WORK INSTRUCTION:
Your job is to give again, exactly and with no additions, the lines in the records below from the one with "309 Oak Street Hollywood FL 33019" through the one with "2011 Honda Accord", both included. Omit the pictures.

INPUT FOR THIS TASK:
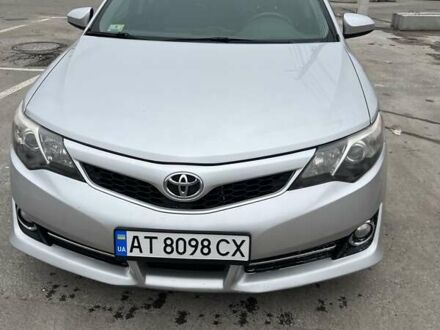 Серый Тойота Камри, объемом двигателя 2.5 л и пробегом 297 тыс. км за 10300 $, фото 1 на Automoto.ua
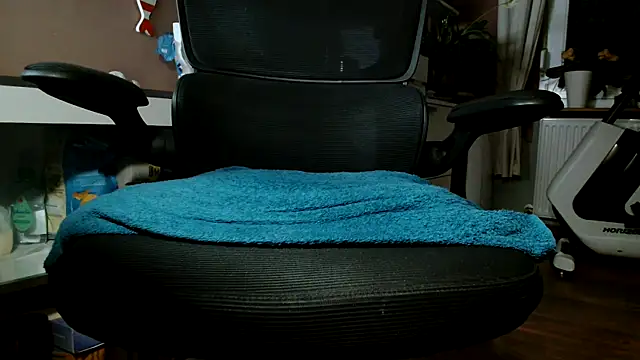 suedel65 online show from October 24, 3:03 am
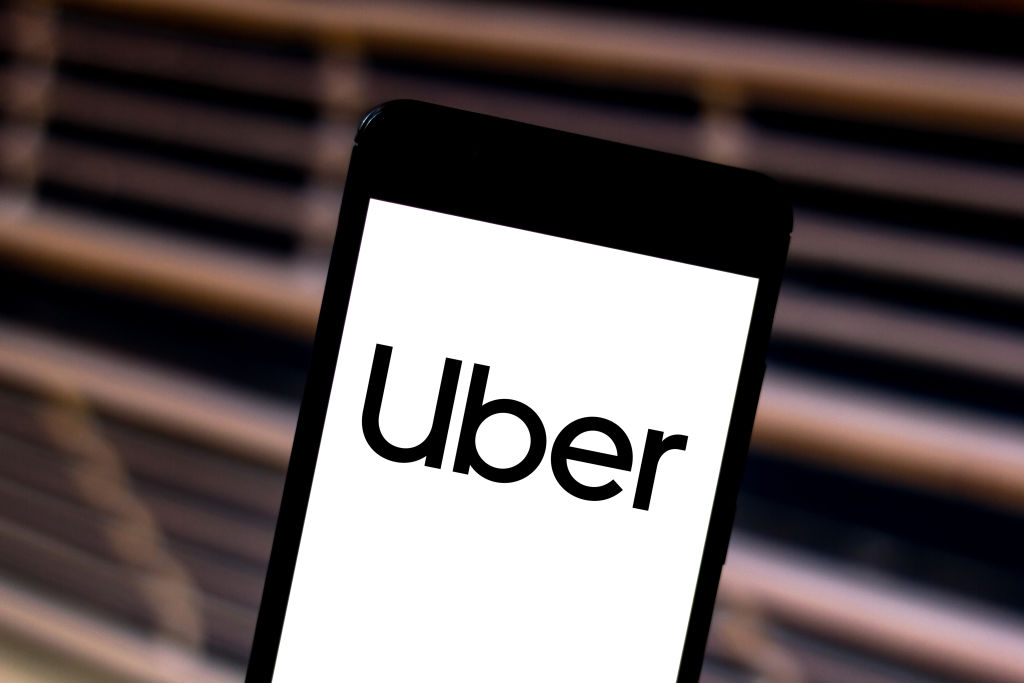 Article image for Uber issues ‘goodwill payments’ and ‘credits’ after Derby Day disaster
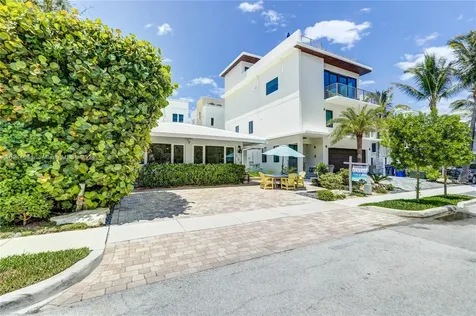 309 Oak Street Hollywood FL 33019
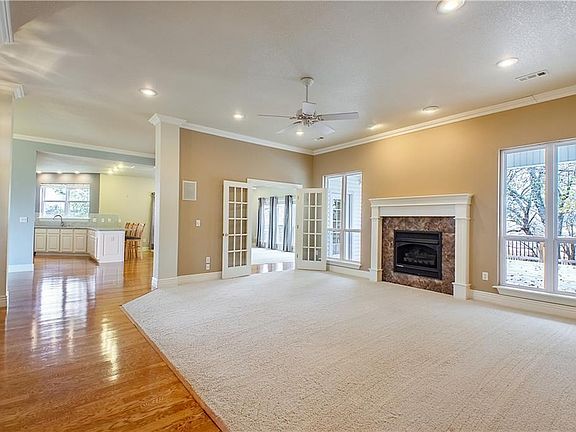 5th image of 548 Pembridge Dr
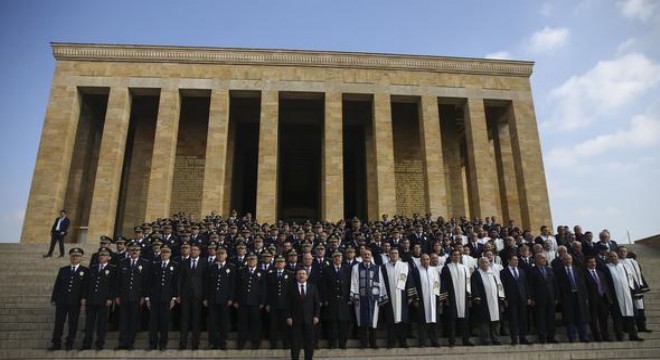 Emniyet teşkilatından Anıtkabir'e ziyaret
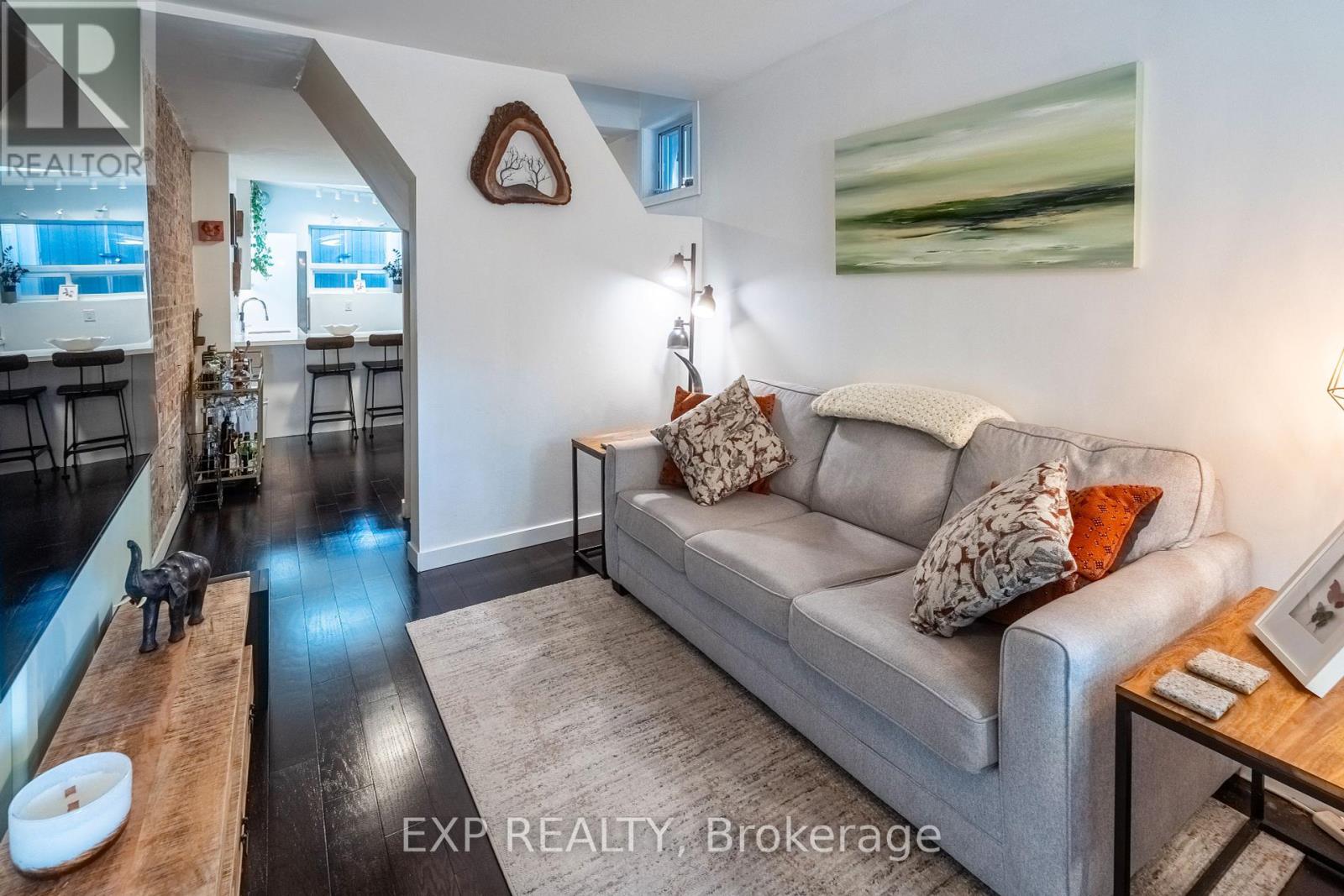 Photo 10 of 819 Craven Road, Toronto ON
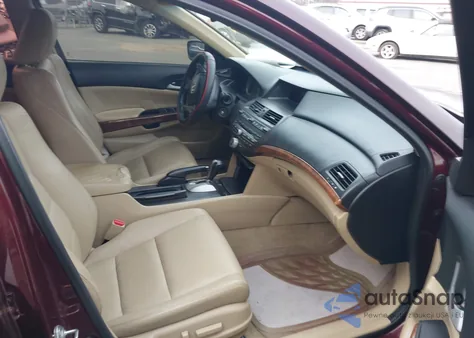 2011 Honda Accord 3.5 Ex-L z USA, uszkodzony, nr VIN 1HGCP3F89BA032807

--

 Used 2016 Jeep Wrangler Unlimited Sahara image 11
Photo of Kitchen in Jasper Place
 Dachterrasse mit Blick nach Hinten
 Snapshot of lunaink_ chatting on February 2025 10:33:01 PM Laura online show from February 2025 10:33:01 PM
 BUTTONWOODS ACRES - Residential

TASK RESULT:
 309 Oak Street Hollywood FL 33019
 5th image of 548 Pembridge Dr
 Emniyet teşkilatından Anıtkabir'e ziyaret
 Photo 10 of 819 Craven Road, Toronto ON
 2011 Honda Accord 3.5 Ex-L z USA, uszkodzony, nr VIN 1HGCP3F89BA032807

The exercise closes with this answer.